Turn back to Luke 13:24 one more time…
“Strive to enter through the narrow door. For many, I tell you, will seek to enter and will not be able.
Because it says there are some who will seek to enter and not be able to do so, we might be tempted to feel proud. So, I want to conclude with this lesson…
Lesson Four: We should be thankful if we have entered through the narrow door.
Because we were able to enter when others weren’t we might be tempted to be proud and think, “We are supposed to strive, and I was able to strive HARD ENOUGH that I made it when others couldn’t.”
I don’t think we should feel this way at all. Instead, we should feel the opposite: thankful and humble.
I was saved in my early twenties. It wasn’t until my second year teaching elementary school that I found the narrow door.
Let me briefly tell you about that year:
- I had a classroom next to Elwyn Ordway. There aren’t many male teachers at the elementary school level, so even though Elwyn taught first grade and I taught fifth grade, the principal put us next to each other. We developed a close friendship very quickly.
- At the time, I thought my principal was just being nice putting us together, but now I look back on it as one of the best examples of God’s providence in my life.
- At the same time, I developed a friendship with a second-grade teacher named Holly.

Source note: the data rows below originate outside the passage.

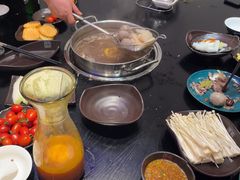 -高兴一锅潮汕鲜牛肉火锅(银座店)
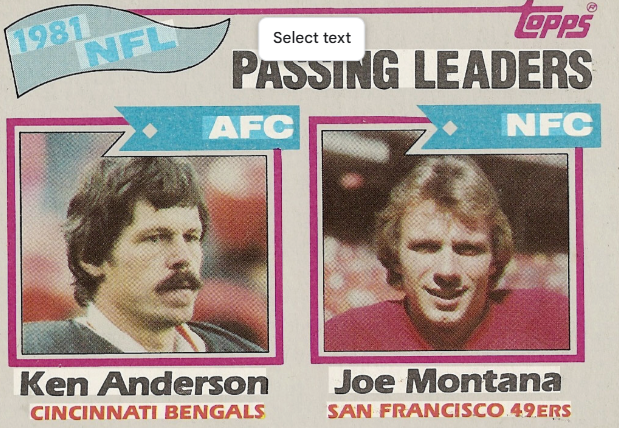ronNcaphill's tweet photo. @WolfeBurke1 @readjack @pgconb @LaverneusDingle @Profhofcantonf @notinhalloffame @2ndHandBurrito @TheJeffSchlegel Should NOT be to detriment of Seniors greats who actually played the game - years overlooked by #PFHOF.
#WhoDey Ken Anderson the oldest living Senior semifinalist - Age 77 at 2026 Enshrinement - so many have been inducted posthumously. #PutKenIn
No pre-1970 Seniors either. Smh. https://t.co/OhSj3yPnmu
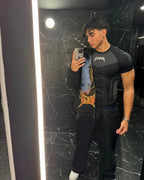 BreezeFit Men's Summer Training Tee THRIXINE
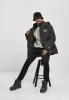 STARTER STARTER PUFFER JACKET BLACK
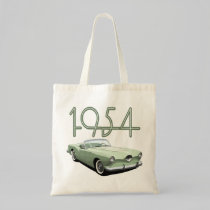 1954 Darrin bags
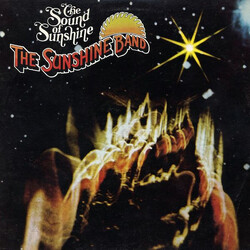 The Sunshine Band The Sound Of Sunshine Vinyl LP USED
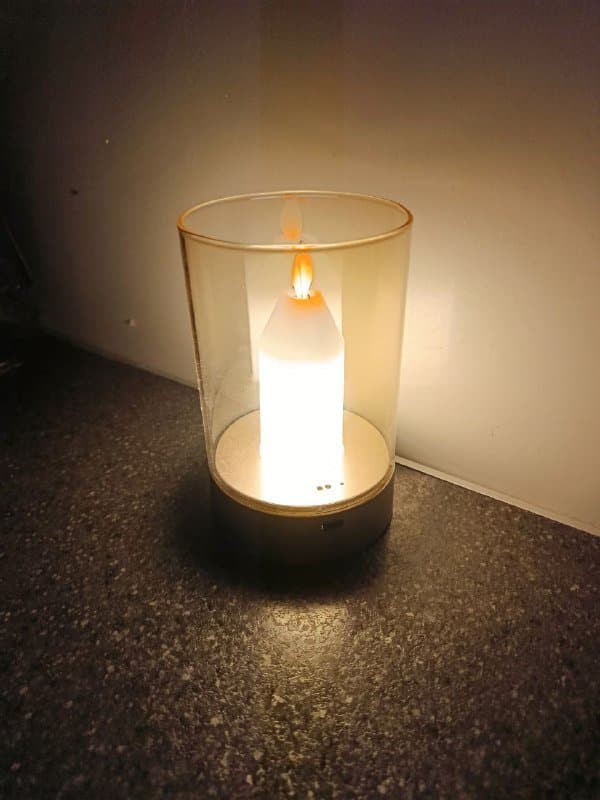 Ночник с подзарядкой Type-C 2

Holly and I were also taking classes together in the evening at Chapman University for our teaching credentials. Holly and Elwyn were good friends, and Holly’s dad was a pastor.
- I also became close to my assistant principal. We would play racquetball together. He was close to Elwyn and Holly, and he attended Holly’s dad’s church.
All three of these people – Holly, Elwyn, and my assistant principal – invited me to church…but I’d never go. I would tell them to keep asking me, but when they asked I would decline.
Then my brother died of a drug overdose and my assistant principal said, “You really should come to church to talk to Holly’s dad. He lost his brother when he was about your age. Even if you don’t go back to the church, I think it would be really good if you came and spoke to him at least once.” I finally went to the church so I could talk to him.
To shorten this up, soon after I heard the Gospel, which is to say soon after I was shown the narrow door for the first time in my life. There was a deep conviction that, “This is it. This is the truth.” I had never heard the truth before, but now I had.
For twenty years I thought, “Good people go to heaven, and if I just keep doing these things – going to church, going to confession, taking communion – I’ll be a good person who goes to heaven.”
When I heard the Gospel, it was so contrary to anything I had ever heard before. I went from thinking I would go to heaven if I died to recognizing I would’ve gone to hell if I died. To say I felt like I dodged a bullet would be an understatement.
I had found the narrow door.
I knew not everyone had found what I had found. I wanted others in my life – my family especially – to find the narrow door.
When I read verse 24 and it says many will seek to enter, but be unable to do so, I feel very thankful and humbled that by God’s grace I’m one of the ones able to enter.
Let me conclude with this…
For some of you – and I include my children in this category and try to remind them of this – if you were raised in a Christian family, or if you’ve been a Christian for a long time, you can forget how blessed you are to be part of those few people who have been shown the narrow door.
I want to encourage you not to take this for granted. Recognize – that by God’s grace – He has allowed you to be one of those few people who can strive to enter.
Also, it would be foolish for me to think that everyone listening to this sermon has entered through the narrow door.
Let me close by taking you back to Jesus’s command…
Luke 13:24 Strive to enter through the narrow door. For many, I tell you, will seek to enter and will not be able.
I will be up front after service and I’d consider it a privilege to be able to speak with you and answer any questions you might have.